What to do
Write out the records below exactly as they appear, skipping each picture.
[Data listing Boundary: Start]
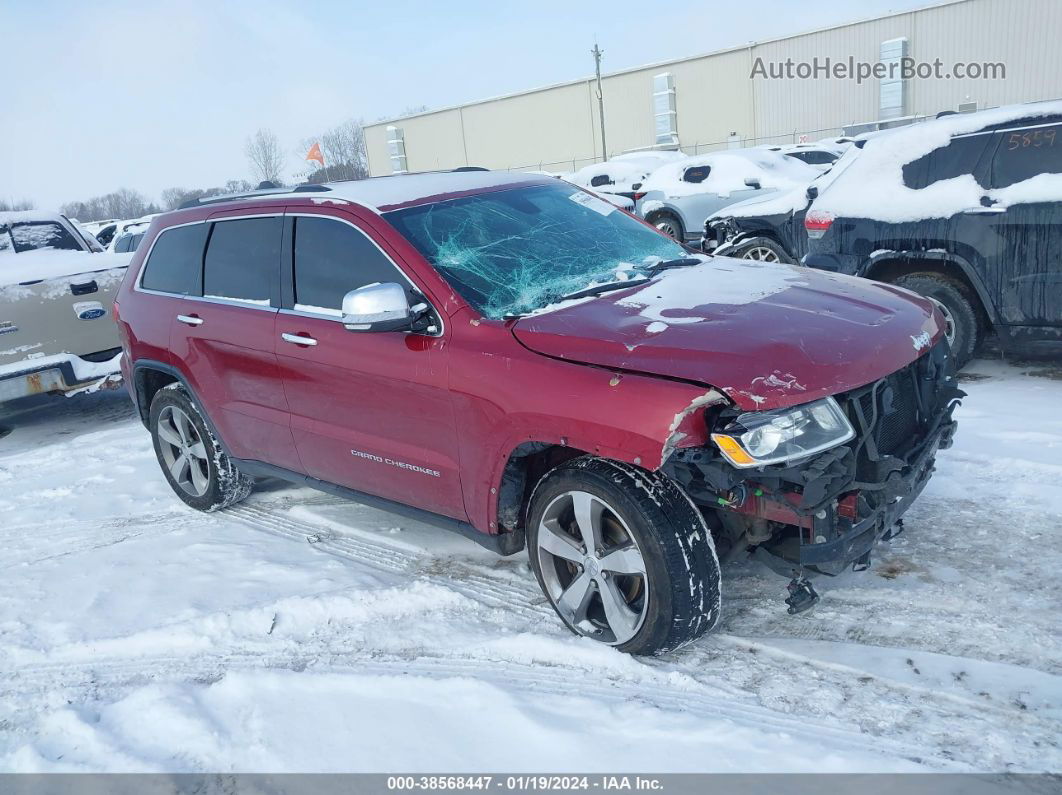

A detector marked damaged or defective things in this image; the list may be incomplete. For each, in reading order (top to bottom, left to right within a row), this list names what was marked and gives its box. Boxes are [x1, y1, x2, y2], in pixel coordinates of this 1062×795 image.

cracked windshield [386, 180, 683, 316]
shattered glass windshield [386, 182, 683, 316]
exposed headlight [713, 394, 853, 469]
damaged front end [662, 341, 964, 577]
damaged front bumper [662, 341, 964, 577]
[Data listing Boundary: End]
Written solution
A detector marked damaged or defective things in this image; the list may be incomplete. For each, in reading order (top to bottom, left to right within a row), this list names what was marked and gives its box. Boxes are [x1, y1, x2, y2], in pixel coordinates of this 1062×795 image.

cracked windshield [386, 180, 683, 316]
shattered glass windshield [386, 182, 683, 316]
exposed headlight [713, 394, 853, 469]
damaged front end [662, 341, 964, 577]
damaged front bumper [662, 341, 964, 577]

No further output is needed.